Yorim sought out Kyal as soon as he was back inside, and put the idea to him. Kyal was immediately convinced, and together they began reviewing other outstanding questions in this new light. A lot of things seemed to fit. Kyal called Casselo, who was still at
Explorer 6
, and went through it again. Casselo took the matter to Sherven, who agreed that it represented a breakthrough. After discussing it further, Sherven decided to call the principal scientific section leaders and department heads together up on
Explorer 6
for Kyal and Yorim to present their new theory.
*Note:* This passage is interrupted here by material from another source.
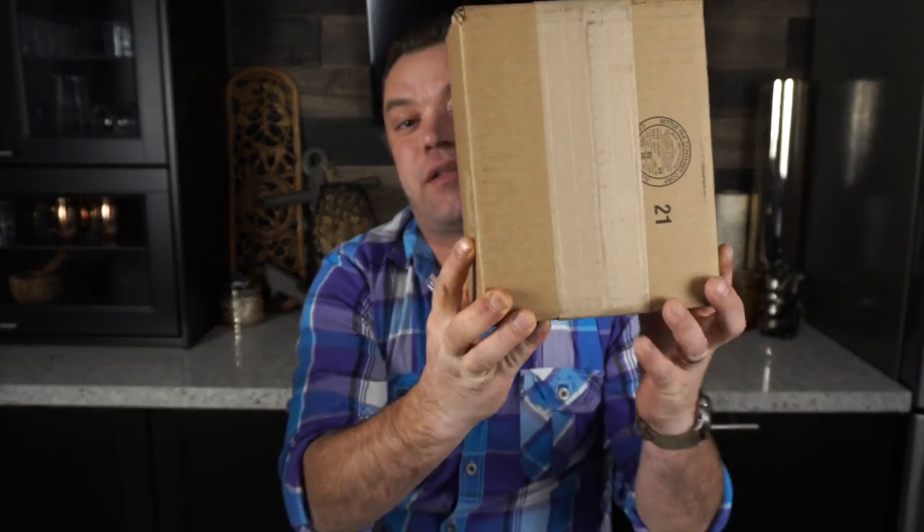Hi everybody and welcome back to Time To Go Bob here, thanks so much for stopping by the channel again. One of my favorite things to come home to is a brand new watch in the mail — and what's better than one brand new watch? Two brand new watches. We're going to be doing a double unboxing today. I have a pretty cool Timex that went under the radar for me till just the other day.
Casselo set things up accordingly, and Kyal and Yorim booked themselves onto the next transport due to leave Luna."

CHAPTER THIRTY-FIVE

Amingas Quarles had read an article somewhere by a biologist who thought the climate of Earth was better suited to Venusians than that of Venus itself, and predicted mass migrations, the founding of cities and nations, and a general population explosion over the next fifty years. He felt he could believe it too, as he and the pilot who had brought him made their way up the short but steep trail from the sandy flat where the helicopter had landed to the jumble of tents and trucks beyond the scarp of rock above them that was designated Camp 27. The air was bracing and clean, coming in as a breeze over the blue waters visible below to the west. The views had been as clear all the way from the Regional Base two hundred miles to the north, where the office for coordinating geological surveys of the western side of northern America was located.

Uzef, who had been supervising the diggings, was waiting at the top of the trail, with a broad grin showing strong white teeth, which he emphasized with an exaggerated welcoming bow. He was wearing a floppy brimmed hat, stained bush shirt, shorts, and heavy work boots, and had acquired a deep tan from the Terran sun. Quarles exchanged greetings and introduced the pilot.